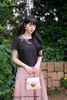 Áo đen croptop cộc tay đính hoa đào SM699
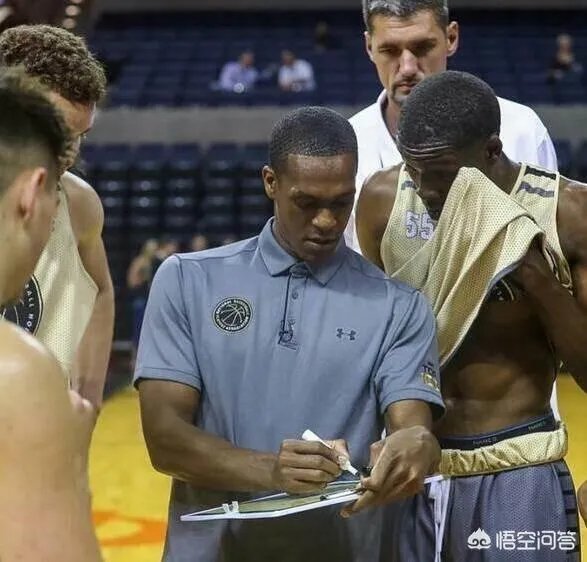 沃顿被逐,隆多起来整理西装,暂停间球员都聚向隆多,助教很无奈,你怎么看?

============

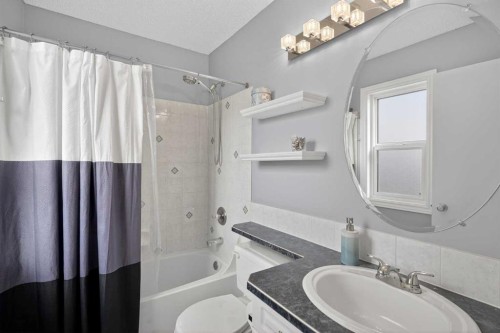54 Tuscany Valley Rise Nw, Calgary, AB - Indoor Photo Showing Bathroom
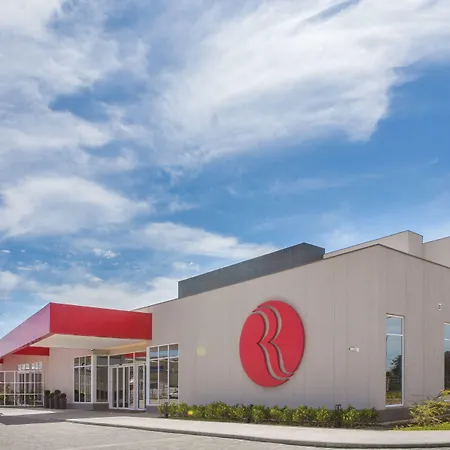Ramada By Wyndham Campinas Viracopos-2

============

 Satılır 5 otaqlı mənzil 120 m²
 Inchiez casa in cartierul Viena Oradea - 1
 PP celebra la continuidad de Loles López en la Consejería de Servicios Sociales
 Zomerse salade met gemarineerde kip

============

Problem to solve
In the listing above, start at the line with "PP celebra la", go on through the line with "Zomerse salade met gemarineerde kip", and copy each of those lines exactly; leave out all the rest.

Problem solution
 PP celebra la continuidad de Loles López en la Consejería de Servicios Sociales
 Zomerse salade met gemarineerde kip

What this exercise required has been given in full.